= Nagata's conjecture on curves =

Mathematical proposition

In mathematics, the Nagata conjecture on curves, named after Masayoshi Nagata, governs the minimal degree required for a plane algebraic curve to pass through a collection of very general points with prescribed multiplicities.

==History==
Nagata arrived at the conjecture via work on the 14th problem of Hilbert, which asks whether the invariant ring of a linear group action on the polynomial ring k[x_{1}, ..., x_{n}] over some field k is finitely generated.

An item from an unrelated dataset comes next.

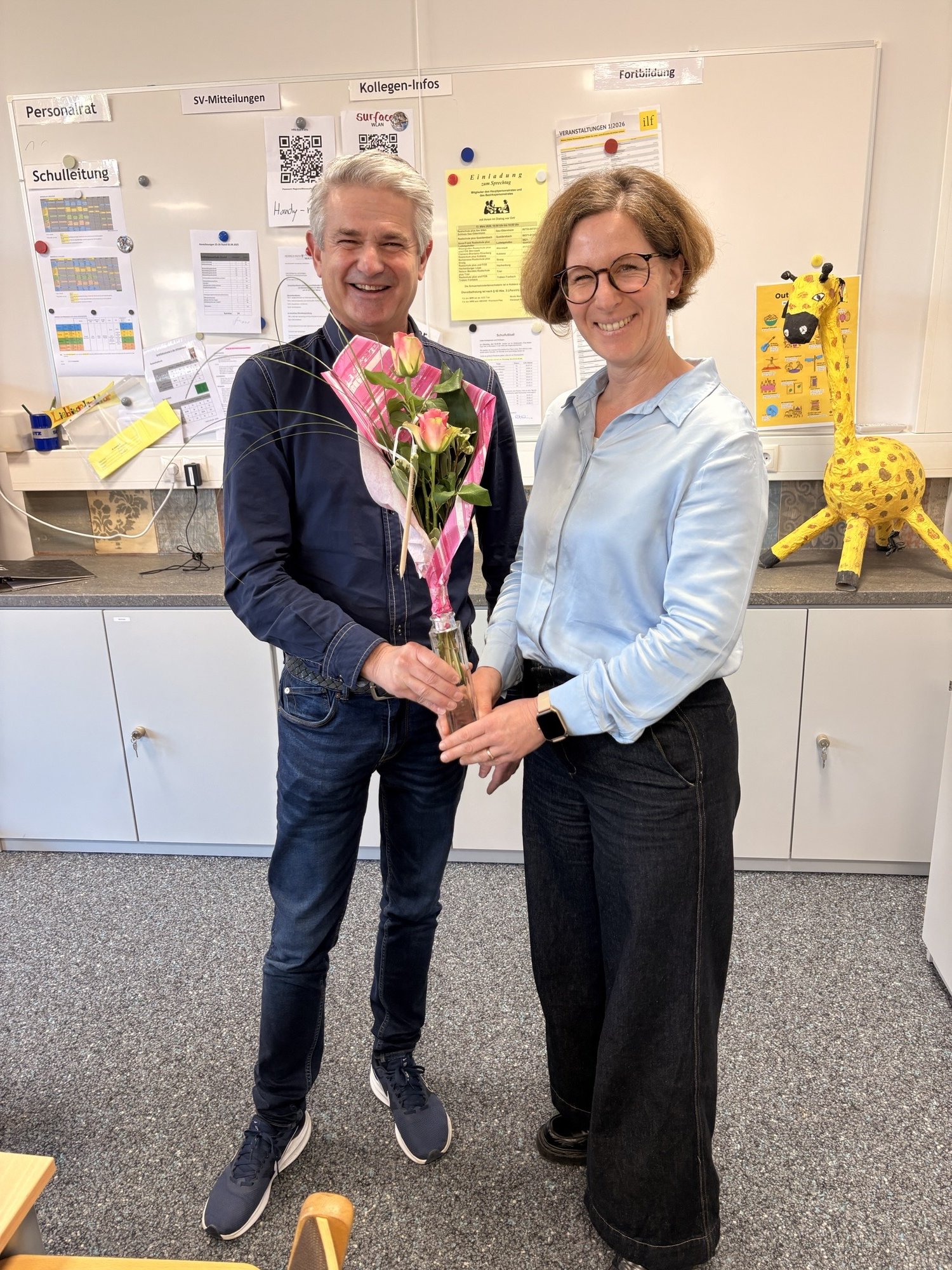 Susanne Klinksiek verabschiedet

Nagata published the conjecture in a 1959 paper in the American Journal of Mathematics, in which he presented a counterexample to Hilbert's 14th problem.

==Statement==
Nagata Conjecture. Suppose p_{1}, ..., p_{r} are very general points in P^{2} and that m_{1}, ..., m_{r} are given positive integers. Then for r > 9 any curve C in P^{2} that passes through each of the points p_{i} with multiplicity m_{i} must satisfy
$\deg C > \frac{1}{\sqrt{r}}\sum_{i=1}^r m_i.$

The condition r > 9 is necessary: The cases r > 9 and r ≤ 9 are distinguished by whether or not the anti-canonical bundle on the blowup of P^{2} at a collection of r points is nef. In the case where r ≤ 9, the cone theorem essentially gives a complete description of the cone of curves of the blow-up of the plane.

==Current status==
The only case when this is known to hold is when r is a perfect square, which was proved by Nagata. Despite much interest, the other cases remain open. A more modern formulation of this conjecture is often given in terms of Seshadri constants and has been generalised to other surfaces under the name of the Nagata–Biran conjecture.